La guerra aveva intriso

dei campi le zolle

di sangue


C’è una dimensione elegiaca e interrogativa che riecheggia la voce dei memoriali, ma senza retorica. Lo sconcerto dello scrittore testimone e partecipe a distanza della tragedia umanitaria non necessita di troppe parole. L’uso dell’imperfetto (“aveva intriso”) suggerisce un’azione distruttiva passata che continua a produrre effetti nel presente. Il sintagma “dei campi le zolle” richiama la ruralità, ciò che è fecondo e vitale. Ora, però, i campi lavorati sono intrisi di sangue: il verbo “intridere” è denso, quasi tattile, e trasmette la penetrazione della violenza fin nelle fibre della terra. La natura non è neutra: partecipa, riflette il lutto. Non c’è bisogno di nomi, date, fazioni: basta questa immagine per parlare di ogni guerra, e allo stesso tempo di una guerra ben precisa, quella di Gaza:


e così i sopravvissuti

sotto il cielo plumbeo


Il passaggio alla seconda strofa introduce i testimoni sul territorio: non eroi, non vincitori, ma sopravvissuti. Sono individui che portano addosso la visione del massacro. Il “cielo plumbeo” non è solo sfondo atmosferico: è eco emotiva del dolore, una cupola scura che grava su chi resta:


si tolsero le scarpe

e camminarono

scalzi


Il gesto di togliersi le scarpe è carico di simbolismo. È un atto di rispetto, di lutto, di sacralità. Camminare scalzi è esporre la propria fragilità, è farsi prossimi alla terra violata. È anche una marcia silenziosa, un rituale laico di memoria e sopravvivenza. Non rabbia, non vendetta in questo momento:  c'è innanzitutto dolore consapevole e dignità. 

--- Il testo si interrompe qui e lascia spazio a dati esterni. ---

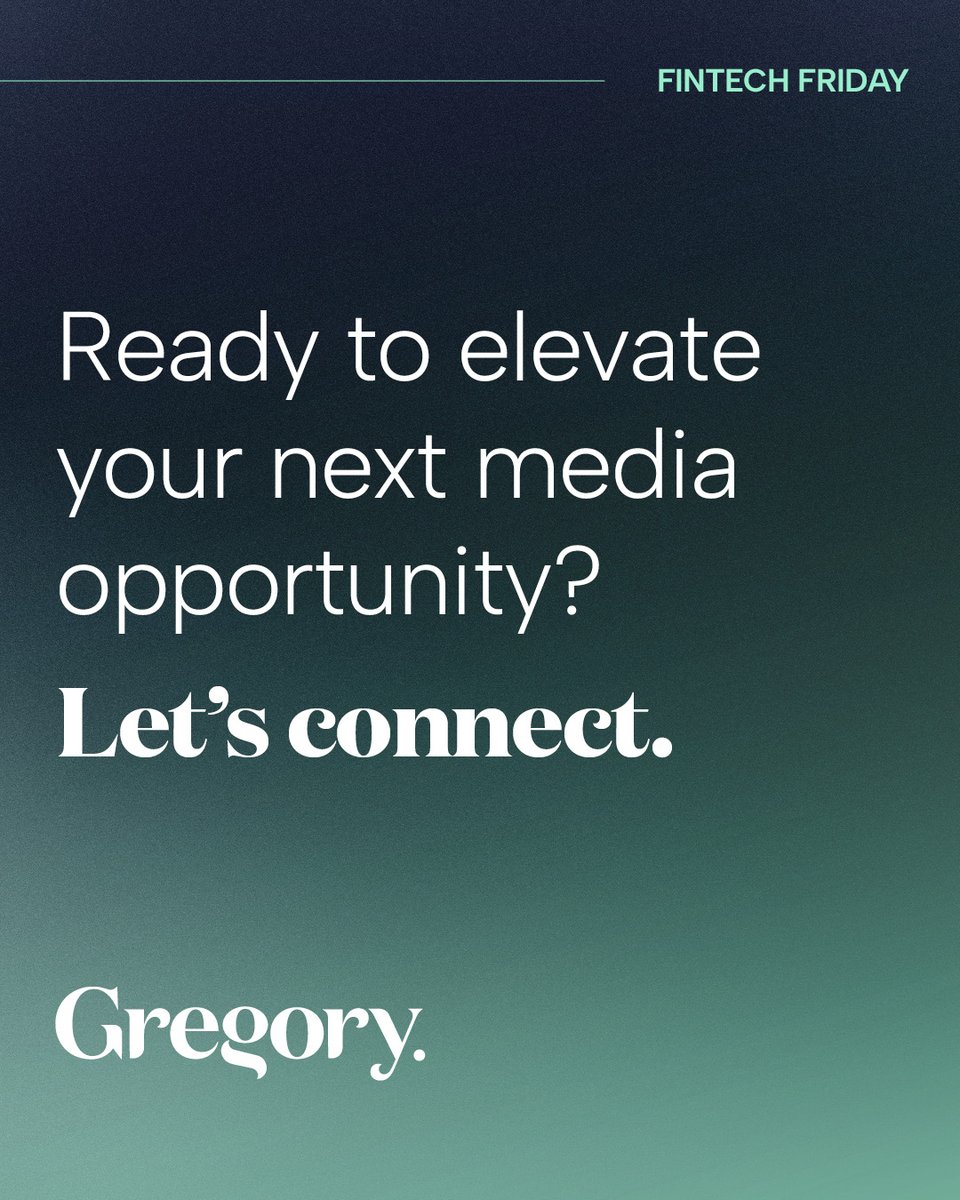 Gregory_Agency's tweet photo. Now presenting our #FintechFriday series!
With guidance from Gregory’s fintech team (Kyle W. Kempf, Caryn Brownell, Ellie Ireton, & Rylie Kelley), @Zocksio announced its $45M Series B with an exclusive in @Crunchbase, then built momentum with dozens of additional placements across top business, investor, wealthtech, and fintech outlets like @wealth_mgmt.
Curious to hear more about the services we offer for fintech? Make sure you look for us at @FintechMeetup; we’re proud partners and sponsors of the event. Register here: https://t.co/oAWIl29hYl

Lo stile di questa poesia è spoglio, essenziale, scarno. Manca la punteggiatura a guidare il lettore: ciò crea una sospensione costante, come se ogni verso fosse una domanda. La struttura verticale, quasi frammentata, ricorda la lapide o l’epitaffio, rendendo la poesia una sorta di iscrizione funeraria collettiva.

Nel contesto di Gaza, la poesia non prende una posizione ideologica, non essendo necessaria, ma assume una voce umanitaria e testimoniale. Parla per chi non può più farlo, con una delicatezza che rifiuta la spettacolarizzazione del dolore. È più un mesto  canto funebre che un grido di denuncia.

“Chi furono” è pertanto una poesia di sottrazione e pudore, che lascia spazio al lettore per sentire il peso della perdita. La sua forza sta nel non dire troppo, nell’alludere con precisione, nel mostrare con immagini archetipiche (la terra, il sangue, il cielo, i piedi scalzi). È una meditazione lirica sulla memoria arcaica e sul presente storico, sulla sopravvivenza e sul rispetto dovuto alle vittime.